Sexe et genre – Malgré l’engagement formel du gouvernement fédéral, un rapport du vérificateur général montre clairement que l’analyse comparative entre les sexes n’est pas adéquatement intégrée dans l’élaboration des politiques[v]. Des facteurs biologiques et sociaux sont liés au cancer du sein, que l’on pense au rôle des récepteurs d’œstrogènes et des perturbateurs endocriniens ou encore au fait que les femmes peuvent être davantage exposées à des substances toxiques dans leur milieu de travail et dans leur rôle de soignantes. Les femmes ne sont pas considérées comme une population sensible en vertu de la LCPE (1999) ou du PGPC; cette absence de considération fondée sur le sexe ne permet pas de protéger adéquatement les femmes de problèmes de santé éventuels tels que le cancer du sein.

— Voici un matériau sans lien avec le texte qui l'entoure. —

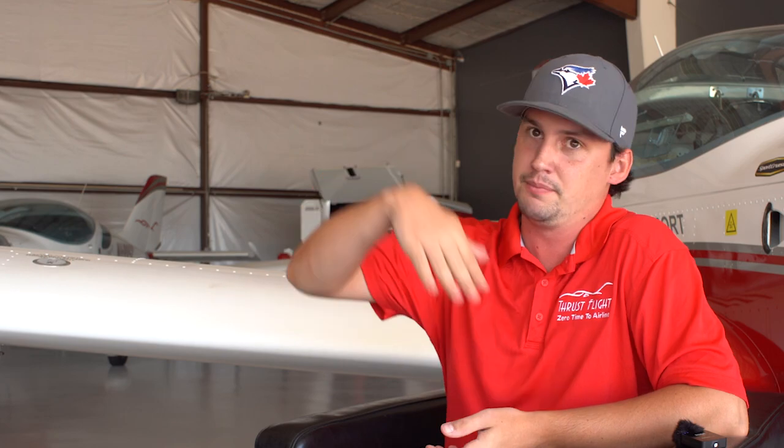I've only been in it twice so far, but yesterday we did stalls — pulling all the way back and then powering up again. It was pretty good.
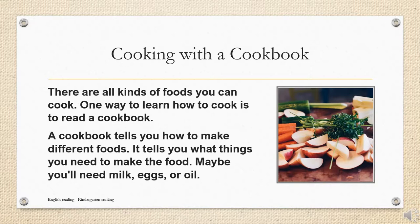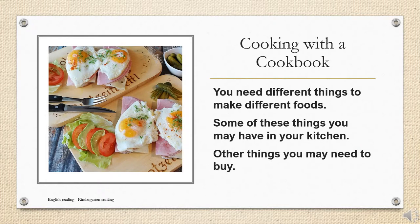Maybe you'll need milk, eggs, or oil. You need different things to make different foods. Some of these things you may have in your kitchen. Other things you may need to buy.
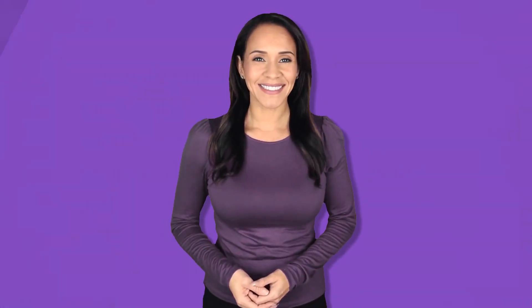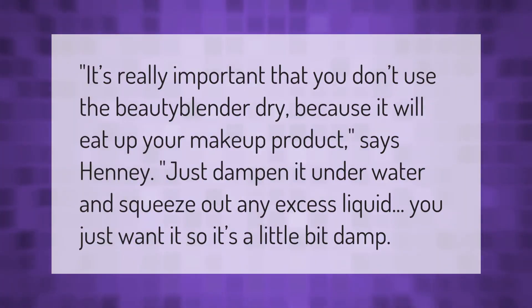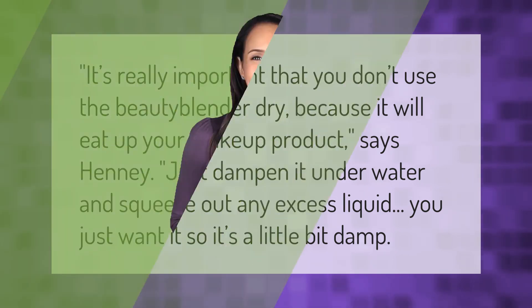It's really important that you don't use the beauty blender dry, because it will eat up your makeup product. Just dampen it under water and squeeze out any excess liquid — you just want it so it's a little bit damp. Thank you for watching; please subscribe and hit the bell notification.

En fin de compte, le gouvernement fédéral est responsable de l’évaluation et de la gestion des substances toxiques et de la protection de l’environnement et de la santé humaine. Cependant, les règlements ne permettent pas actuellement d’assurer une véritable protection et, en fait, mettent la santé des femmes en péril. Si le rôle des substances toxiques dans certaines maladies, dont le cancer du sein, était reconnu, les entreprises et organisations comme l’ACCPTP, par son programme Belle et bien dans sa peau, auraient la possibilité non seulement d’être proactives, mais d’appliquer véritablement le principe de précaution en éliminant de leurs produits les substances qui menacent la santé des femmes.

[Voir aussi : Kearns, Patricia. (2011). “From BCAM President: ‘Petition Gets Me Thinking.’”Correspondance entre Action cancer du sein de Montréal et le Réseau pancanadien sur la santé des femmes et le milieu. Présidente du conseil d’administration d’ACSM. Consulté le 30 août 2013 à l’adresse http://www.acsqc.ca/content/bcam-president-petition-gets-me-thinking] (en anglais seulement).


[i]Association canadienne du droit de l'environnement (ACDE) et Institut canadien du droit et de la politique de l'environnement (ICDPE). (1996). It’s Still About Our Health!A Submission on CEPA Review: The Government Response Environmental Protection Legislation Designed for the Future – A Renewed CEPA Proposal.  Mémoire de l’ACDE n° 283; mémoirede l’ICDPE 96/3. Toronto, Ontario. (En anglais seulement).

[ii]Environmental Working Group.(2013). “Toluene.” http://www.ewg.org/skindeep/ingredient/706577/TOLUENE/(Consulté le 24 juin 2013). (En anglais seulement).

[iii]Armstrong, Joséphine et Claire Dupont. (2012). Application et application des restrictions en vertu du titre VIII et de l'annexe XVII de REACH dans les États membres: Rapport final. Soumis à la Commission européenne, Direction générale Entreprises et Industrie. 7 mars 2012. Belgique : Milieu Law and Policy Consulting.

[iv]Office of Environmental Health Hazard Assessment. (n/d). Toluene: Chronic Toxicity Summary. (Méthyl benzène; phényl méthane; toluène). http://oehha.ca.gov/air/chronic_rels/pdf/108883.pdf(Consulté le 24 Juin 2013). (En anglais seulement).

[v]Ministère des Travaux publicset des Services gouvernementaux du Canada. (2009). « Chapitre 1 : L’analyse comparative entre les sexes », Rapport de la vérificatrice générale du Canada à la Chambre des communes. Bureau du vérificateur général du Canada, Ottawa.